Every investor might have a different threshold for what they consider a generous dividend stock. Some might be content with a Dividend Aristocrat yielding 4% or more. Others might only consider double-digit yields generous. But yield is not the only metric by which to judge a good dividend deal by. You can go with the more conventional value approach and buy dividend stocks that offer a handsome yield and are trading at an attractive valuation.
And if that’s the combination you are looking for (a sizeable yield and amazing value), there are three stocks that you should look into.
A venture capital stock
The junior exchange is curiously short on high-yield stocks, but Firm Capital Property Trust (TSXV:FCD.UN) is an exception. The trust with a market capitalization of just $247 million, making it a micro-cap stock, offers quite a sizeable yield. It’s currently offering a juicy 7% yield. And when it comes to dividends, it’s not just the yield that’s impressive in this stock.

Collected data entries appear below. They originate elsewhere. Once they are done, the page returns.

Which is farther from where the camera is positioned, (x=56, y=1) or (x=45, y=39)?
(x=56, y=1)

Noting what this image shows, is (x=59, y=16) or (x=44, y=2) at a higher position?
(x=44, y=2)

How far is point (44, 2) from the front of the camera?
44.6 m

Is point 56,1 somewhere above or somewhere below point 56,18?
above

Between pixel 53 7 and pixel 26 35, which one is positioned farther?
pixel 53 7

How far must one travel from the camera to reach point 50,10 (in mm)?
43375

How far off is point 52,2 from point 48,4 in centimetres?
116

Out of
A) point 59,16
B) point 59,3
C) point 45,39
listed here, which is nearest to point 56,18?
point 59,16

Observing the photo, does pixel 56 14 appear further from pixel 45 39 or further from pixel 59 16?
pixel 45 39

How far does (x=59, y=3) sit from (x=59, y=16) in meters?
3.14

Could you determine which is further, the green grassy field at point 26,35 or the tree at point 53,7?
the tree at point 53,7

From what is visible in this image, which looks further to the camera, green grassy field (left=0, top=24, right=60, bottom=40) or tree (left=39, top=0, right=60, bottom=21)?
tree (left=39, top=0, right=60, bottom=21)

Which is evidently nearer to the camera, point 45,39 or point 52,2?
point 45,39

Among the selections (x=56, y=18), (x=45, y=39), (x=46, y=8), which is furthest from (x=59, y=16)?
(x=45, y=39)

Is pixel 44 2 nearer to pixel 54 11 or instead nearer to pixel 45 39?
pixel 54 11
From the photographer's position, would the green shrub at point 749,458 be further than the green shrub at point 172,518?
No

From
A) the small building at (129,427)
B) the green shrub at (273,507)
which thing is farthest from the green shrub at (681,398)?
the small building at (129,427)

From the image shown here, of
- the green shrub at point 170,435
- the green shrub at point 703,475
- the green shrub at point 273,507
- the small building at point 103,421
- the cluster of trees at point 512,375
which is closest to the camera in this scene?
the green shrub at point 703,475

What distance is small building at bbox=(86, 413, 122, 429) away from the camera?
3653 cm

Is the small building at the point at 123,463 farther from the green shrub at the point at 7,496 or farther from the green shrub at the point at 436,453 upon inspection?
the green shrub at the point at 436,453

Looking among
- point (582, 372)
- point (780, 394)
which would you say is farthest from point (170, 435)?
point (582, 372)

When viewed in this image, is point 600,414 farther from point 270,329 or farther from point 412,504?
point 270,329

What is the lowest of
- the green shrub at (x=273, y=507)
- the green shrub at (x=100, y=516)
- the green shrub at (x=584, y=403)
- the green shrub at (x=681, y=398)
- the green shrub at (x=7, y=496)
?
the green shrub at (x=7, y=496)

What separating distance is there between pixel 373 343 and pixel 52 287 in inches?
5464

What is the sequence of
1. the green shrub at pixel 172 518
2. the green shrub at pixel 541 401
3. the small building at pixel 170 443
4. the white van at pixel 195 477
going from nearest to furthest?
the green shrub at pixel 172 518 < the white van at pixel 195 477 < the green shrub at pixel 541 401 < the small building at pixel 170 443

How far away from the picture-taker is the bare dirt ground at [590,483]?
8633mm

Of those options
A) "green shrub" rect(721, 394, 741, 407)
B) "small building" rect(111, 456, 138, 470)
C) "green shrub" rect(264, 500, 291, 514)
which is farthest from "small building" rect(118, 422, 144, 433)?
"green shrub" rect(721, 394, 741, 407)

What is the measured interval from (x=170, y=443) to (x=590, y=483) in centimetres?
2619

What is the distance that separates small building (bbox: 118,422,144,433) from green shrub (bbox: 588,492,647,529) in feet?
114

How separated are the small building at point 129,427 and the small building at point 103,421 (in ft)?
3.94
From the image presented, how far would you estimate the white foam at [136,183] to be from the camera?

The company has been growing its payouts consecutively since at least 2017, and with five consecutive years of dividend increases under its belt, the stock is ready for the title of Dividend Aristocrat. What’s even more impressive is the highly stable payout ratio of 25.2%. It’s currently trading below its fair value, making it a bargain at its current value.
A commercial real estate lender
Timbercreek Financials (TSX:TF) is another generous dividend stock that’s offering a powerful 7% yield right now. The company might not offer as healthy a valuation deal as Firm Capital does, but it offers a bit more “weight.” It has a market capitalization of about $798 million and steady financials. The five-year compound annual growth rate (CAGR) of 11.9% is also better than a non-existent capital appreciation potential.
Another reason to consider adding this powerful dividend stock to your portfolio is the nature of its business. It’s a commercial real estate lender, allowing it to fill a gap and cater to a market segment that many conventional lenders ignore. Commercial real estate is also not as unstable as the current housing market is. The only chink in its armor is its high payout ratio.
A capital market company
Market crashes are devasting for investors. But they also offer great opportunities to investors since many great businesses are available at discounted prices. The same principle applies to capital market companies like Alaris Equity Partners (TSX:AD.UN).
The company has the capital to invest, and the market, after the devastating aftereffects of the pandemic, is littered with businesses desperately in need of capital to survive. These businesses might offer better returns and terms than they would have at the peak of the pre-pandemic bull market.
This is what I am expecting will fuel the growth of the company and its generous dividends for many years to come. Even now, its mouthwatering 7.1% yield is available at a great value and a stable payout ratio.
Foolish takeaway
The three dividend stocks are not just offering a strong 7% yield (which also looks sustainable for the foreseeable future), but two of them are also undervalued right now. The overall value and return potential the three stocks offer can make them a powerful addition, especially to your Tax-Free Savings Account (TFSA) portfolio, which will ensure that the passive income is tax-free.